The phenomenon is being sustained by what is known as an omega block, a weather pattern named for the Greek letter because of the similar shape it creates in the atmosphere.
Under normal conditions, the jet stream carries weather systems from west to east. During an omega block, however, that flow becomes distorted, trapping a ridge of high pressure between two low-pressure systems.
The result is that hot, stagnant air remains locked over the same region for days or even weeks. The UK Met Office said Britain currently lies on the boundary between the high-pressure system and cooler air to the northwest, which is creating sharp contrasts between hotter conditions in the south and east and cooler, wetter weather farther north.
Researchers said extreme heat is already one of the deadliest environmental hazards globally.
Parsons at Royal Holloway said the impacts are not felt equally.
“People over the age of 65 account for around 90 percent of mortality from heat stress whilst exposure to heat more generally is tightly structured by socioeconomic inequalities.

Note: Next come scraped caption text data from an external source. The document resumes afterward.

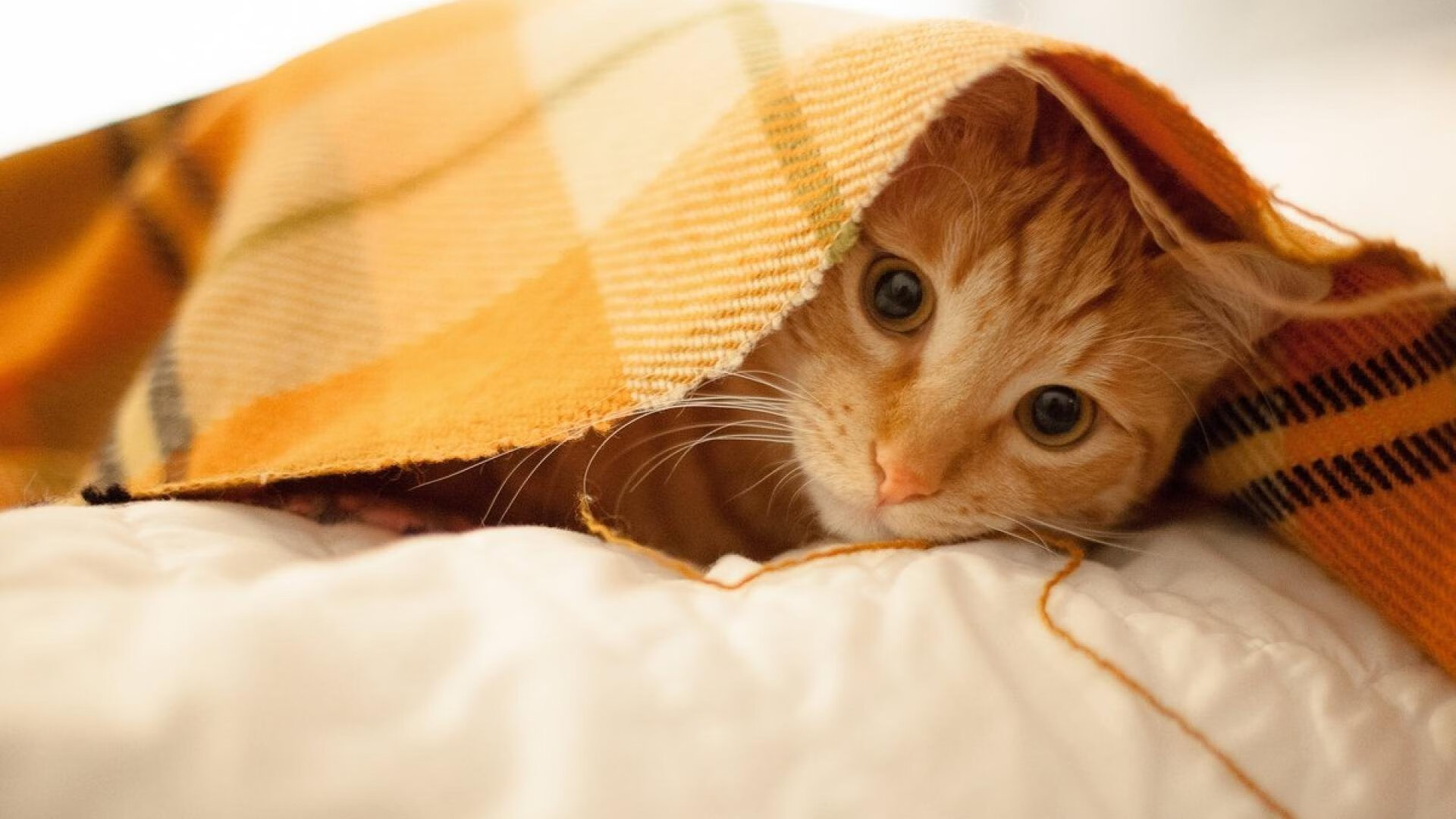 开云官网-竞技之巅，巴拉圭与加纳的东决关键之战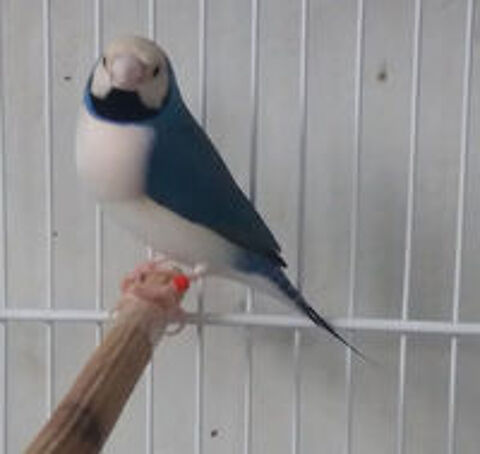   Recherche don d'oiseaux  
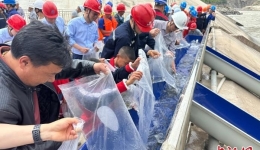 西藏芒康:增殖放流 23万尾鱼苗投放金沙江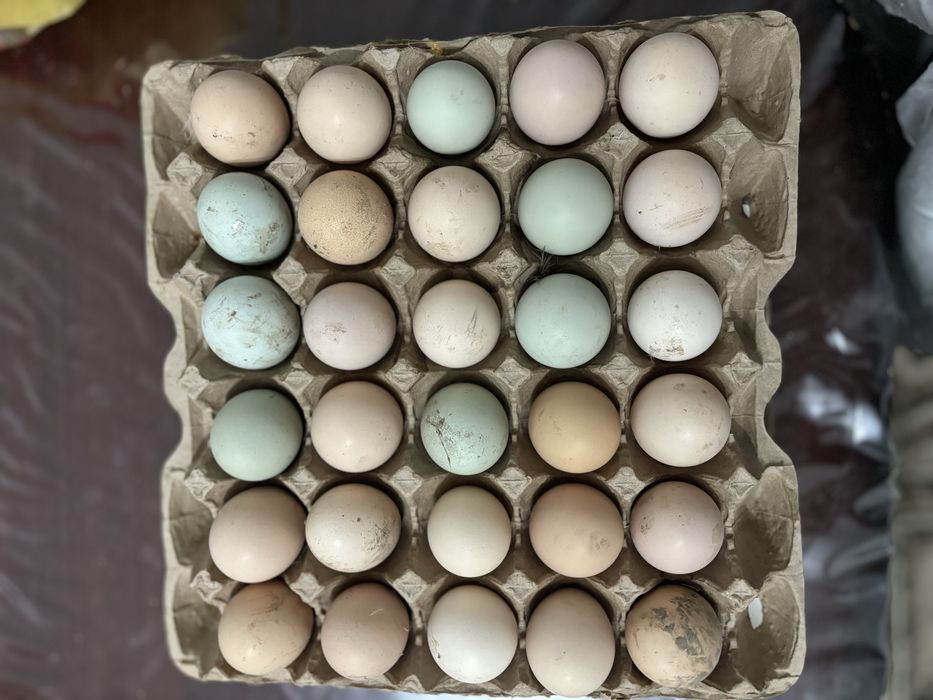 Породистые курыы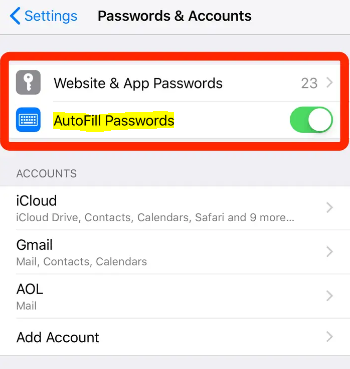 How to Edit Autofill Information and Password on an iPhone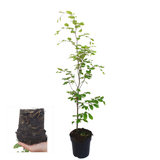 Palletdeal Haagplanten:  50 Fagus sylvatica ↕60-80 - Ø 19cm | Mini Pallet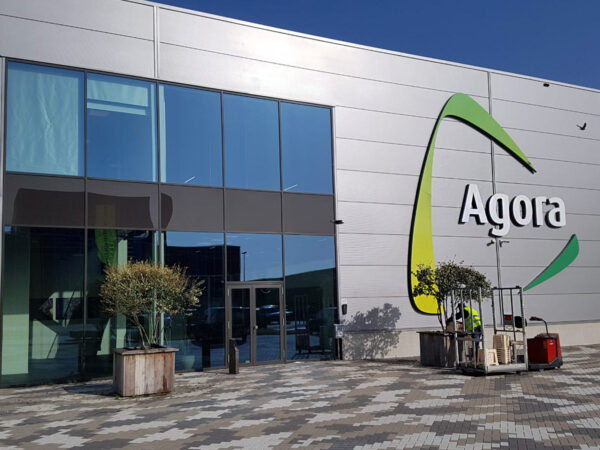 The Rose Buyer of Agora Group About Red Tacazzi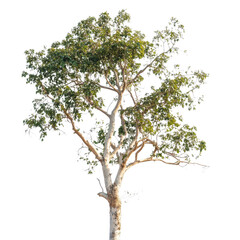 A Majestic Tree Standing Tall Against a Black Background, showcasing its lush green foliage and a pale, textured trunk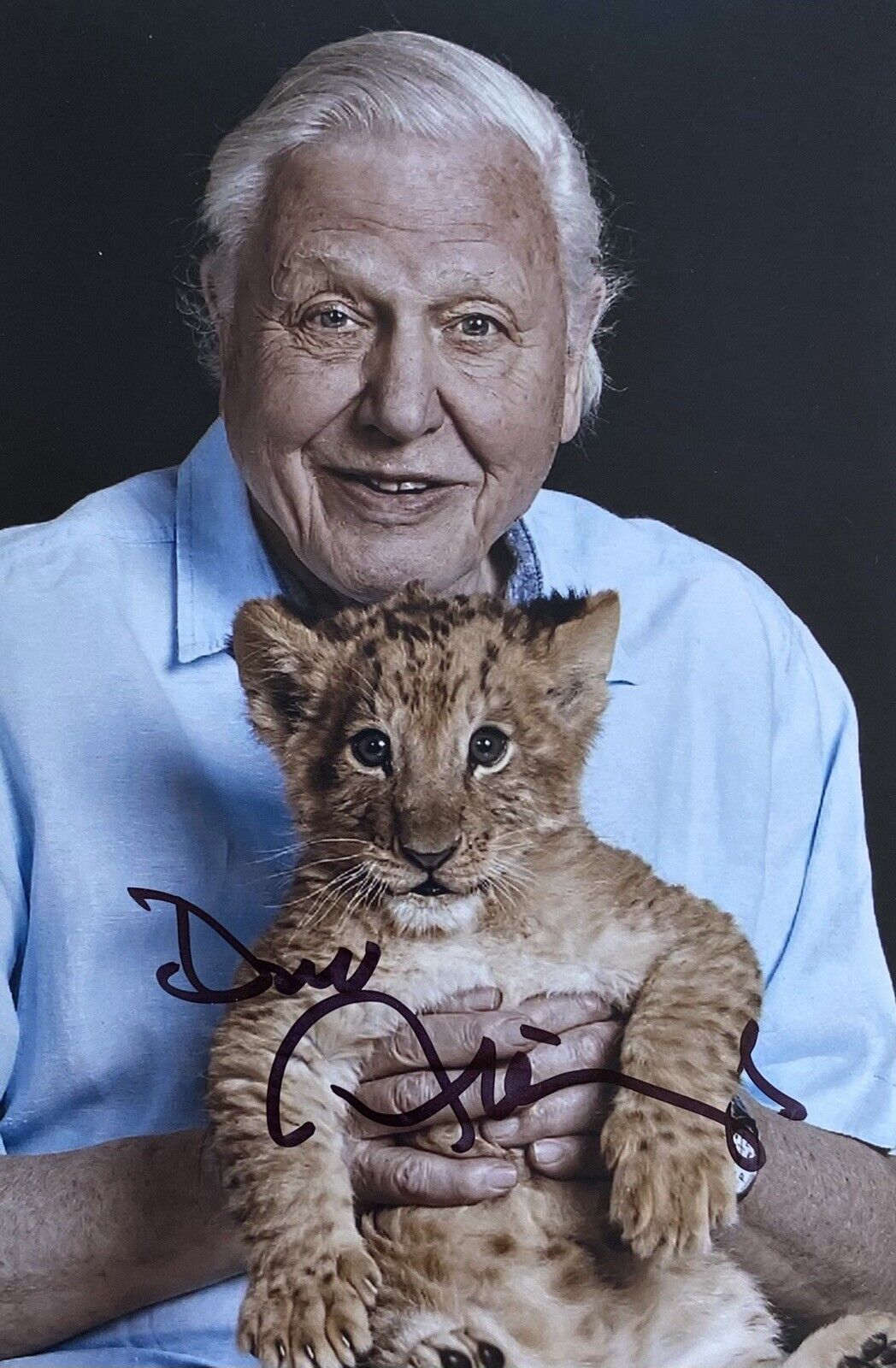 Sir David Attenborough Genuine Hand Signed 6x4 Photo Poster painting 33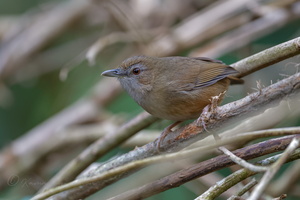 Abbott's Babbler (Malacocincla abbotti) (1)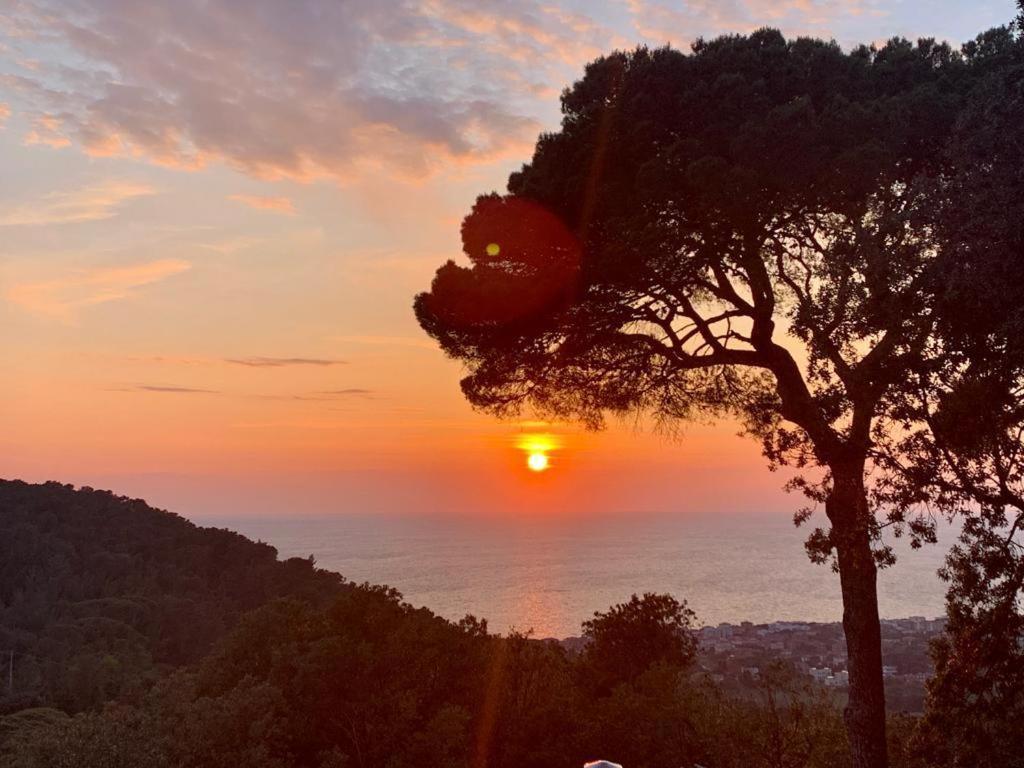 Villa Gemma Livorno Bagian luar foto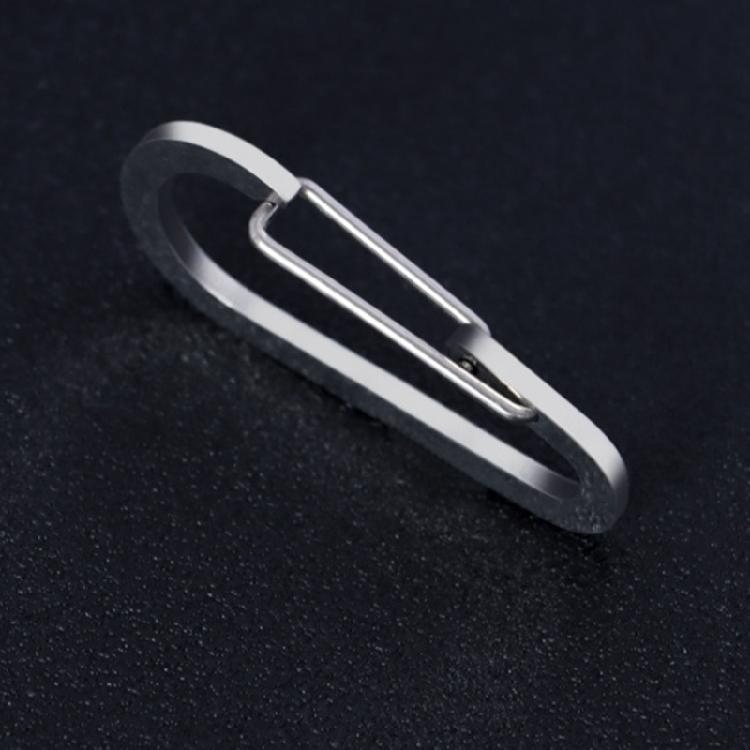 10Pcs Carabiner Clip Stainless Steels Keyring Clip Snap Hook Small Carabiner Clip for Key, Backpacks, Camping, Outdoor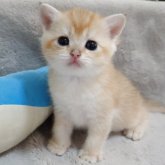 ブリティッシュショートヘア
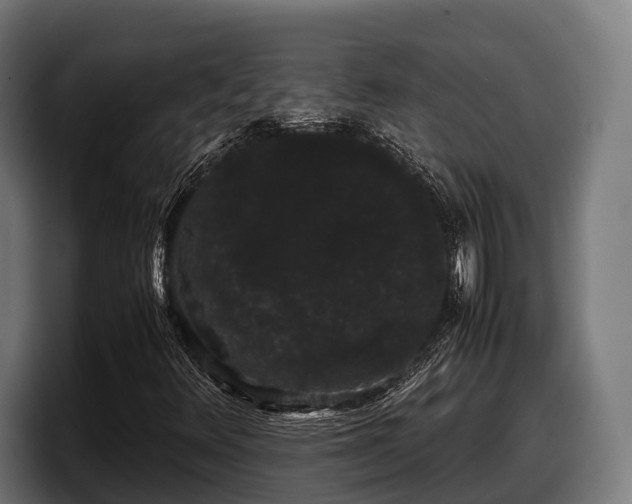 X0000097821348200803201429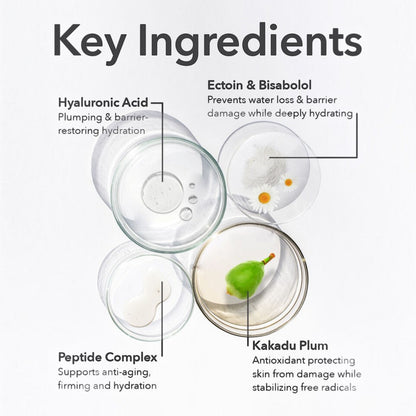 Shop Rescue Spa DermInfusions eye cream ingredient breakdown showing hyaluronic acid, ectoin, bisabolol, and kakadu plum.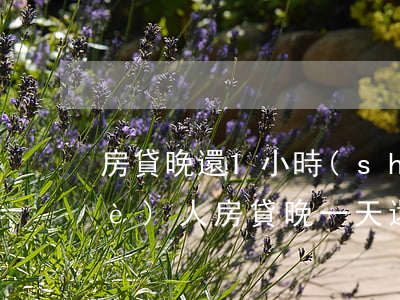 房貸晚還1小時(shí)算逾期嗎(個(gè)人房貸晚一天還款會(huì)逾期嗎)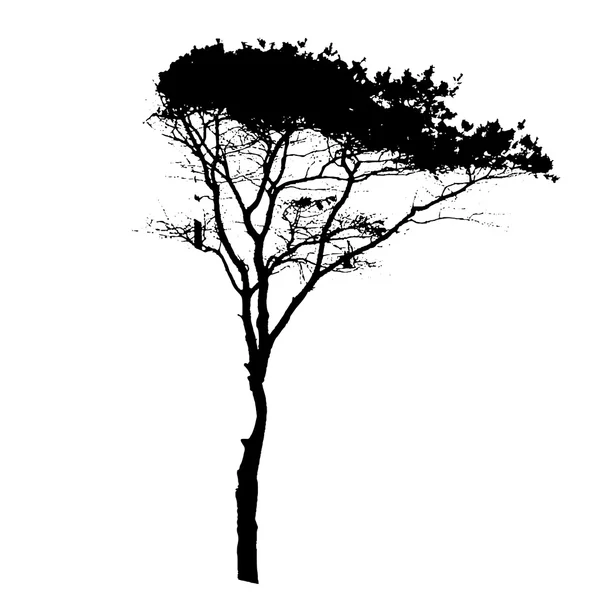 Silueta de Árbol Aislada en Backgorund Blanco. Vecrtor Illustrati — Vector de stock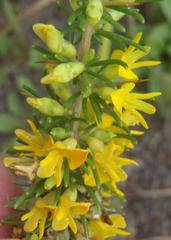 Aspalathus spinosa spinosa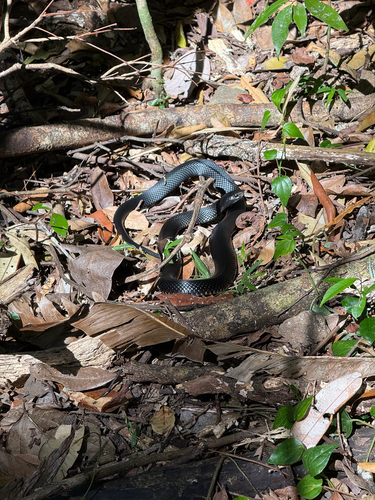 Red-bellied Black Snake sighting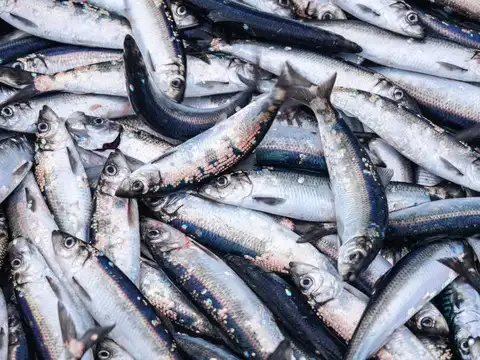 Fatty fish: Omega three fats that cool inflammation
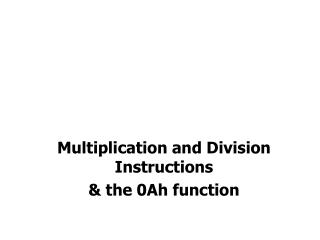 Multiplication and Division Instructions &amp; the 0Ah function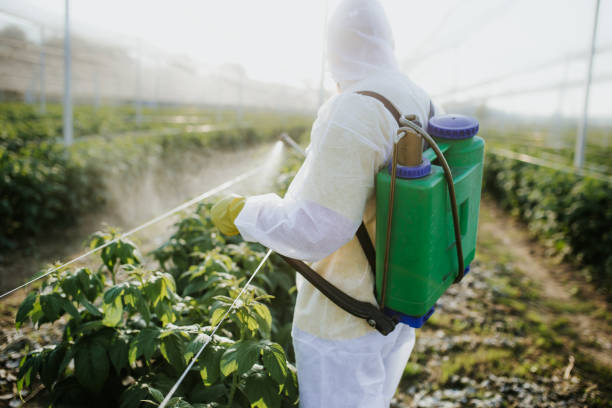 Best Bed Bug Extermination  in Lantana, TX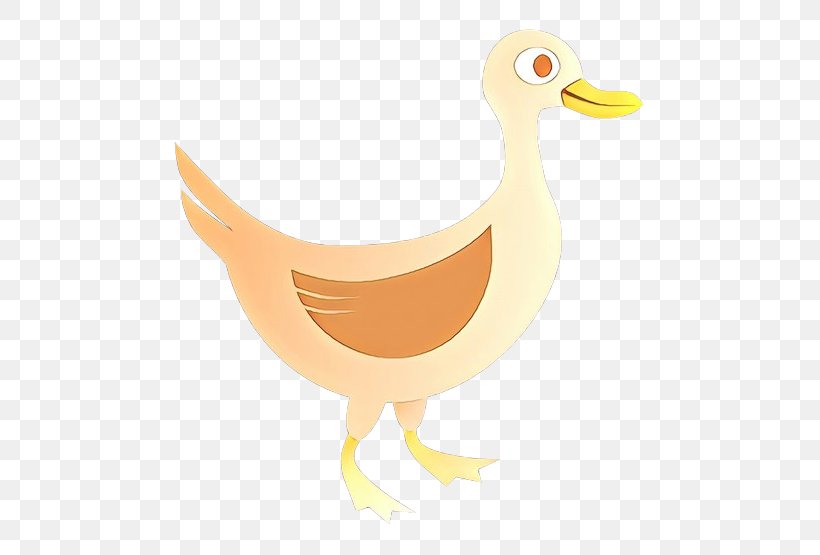 Bird Duck Goose Beak Water Bird, PNG, 555x555px, Cartoon, Beak, Bird, Duck, Ducks Geese And Swans Download Free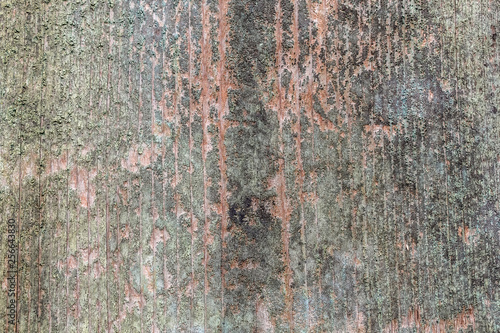 Green and Reddish Old Wood Texture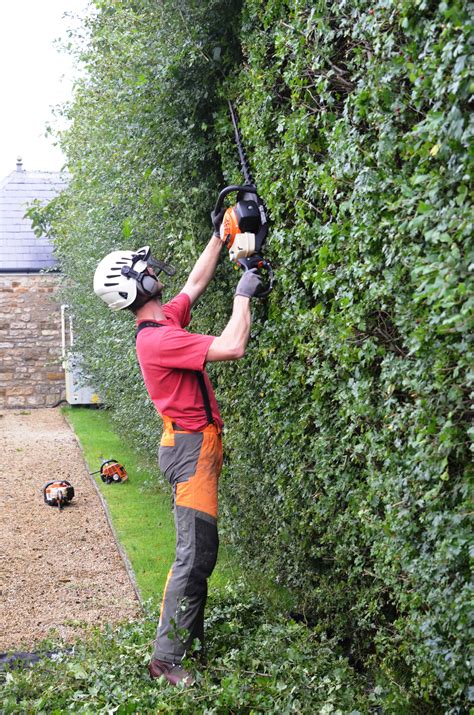 Hedge Trimming Feature Tree Surgeons And Arboriculturalists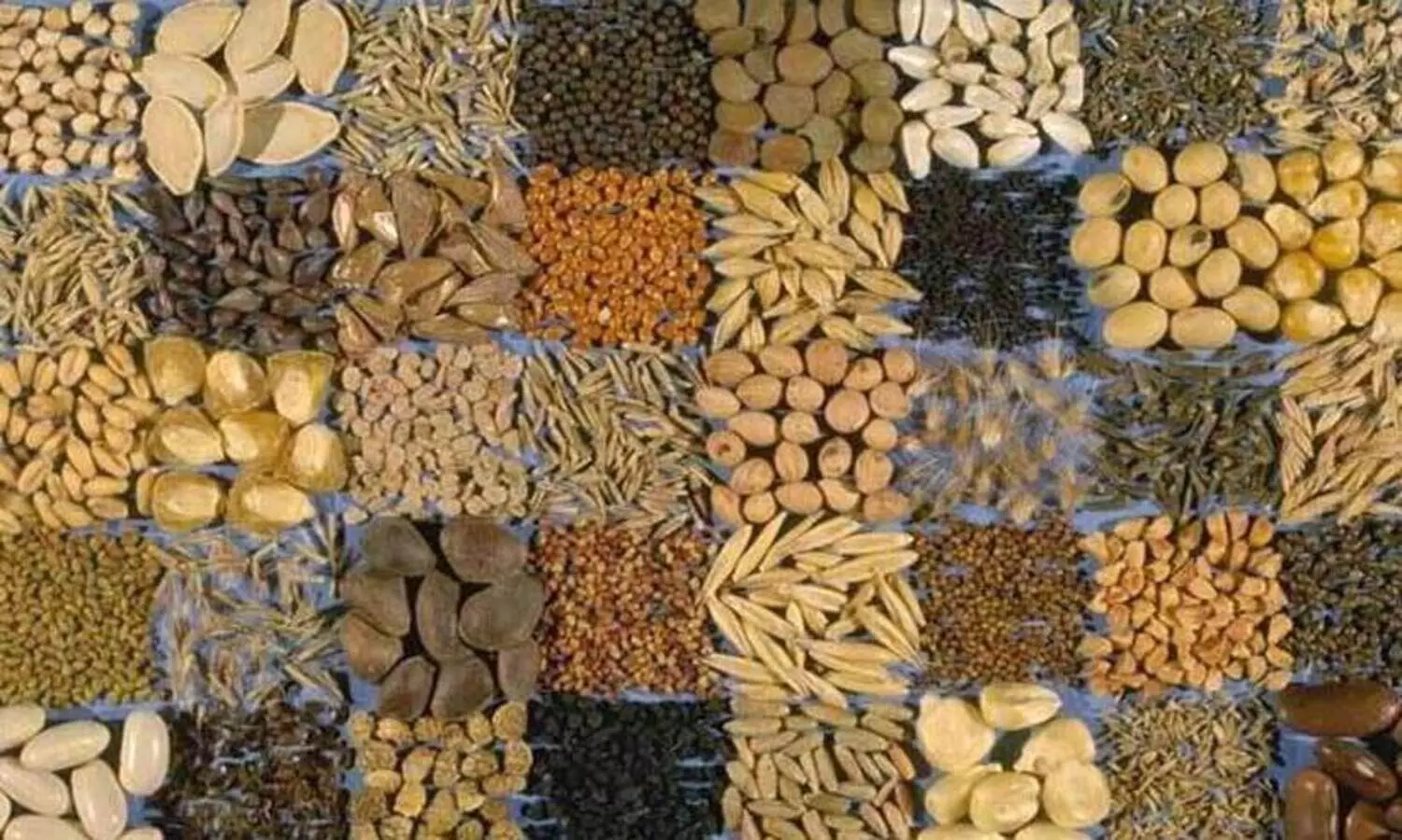 agriculture products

“Lower-income communities are much more exposed to heat stress due to a combination of more poorly insulated housing and more physical outdoor occupations. Heat stress is thus a prime example of climate precarity in a globalised, environmentally vulnerable world.”
Scientists said climate change is making heatwaves substantially more likely and more severe.
Global average temperatures are now about 1.25C (2.25F) above pre-industrial levels while 2024 reached 1.55C (2.79F) above those levels, according to Parsons.
This has dramatically altered the likelihood of extreme heat events.
“Heatwaves like we are seeing now are about 30 times more likely to happen than in the pre-climate change era,” he said. “Exceptional heatwaves like the current one would previously have been a once-in-300-year event but now occur more often than once a decade.”
The World Health Organization (WHO) has warned about the growing health risks posed by rising temperatures. WHO Director-General Tedros Adhanom Ghebreyesus said Europe’s heatwave was “putting people’s health at risk”.
“The data are clear: Temperatures across Europe are rising at roughly twice the global average rate, increasing the likelihood and severity of extreme heat in the future,” he said. “We cannot afford further delay. Leaders must prioritise investment in climate-resilient health systems while also accelerating climate action and mitigating the drivers of the climate crisis.”
The heatwave coincides with London Climate Action Week, one of the largest annual climate gatherings in the world, attended by tens of thousands of delegates, including heads of state and United Nations Secretary-General Antonio Guterres.
Guterres used the occasion to renew calls for faster action to reduce fossil fuel use.
“The climate crisis and the energy crisis may seem separate, but they share the same destructive origin: fossil fuels,” he said. “They demand the same answer: a fast, fair transition to clean energy and a surge in adaptation, resilience and climate justice for those already facing climate harm.”
While concerns about climate change often rise during extreme weather, experts said public attention is polarised.
“Climate change at present has become a highly political issue with a concerted media pushback against climate policy targets like net zero,” Parsons said. “This is no accident or a case of natural attentional attrition but has been led by media groups, such as News Corp and GB News amongst others, which have consistently pushed anti-net-zero editorial lines over the last five years.”
He said the issue has become tied to political identity in several countries, particularly the United States. Despite this, major weather events reignite public concern.
“There is a longstanding and consistent trend of extreme weather events prompting additional public concern around the climate,” he said. “These heatwaves fall very much into this category. With this in mind, now is a good time to push for stronger climate policy.”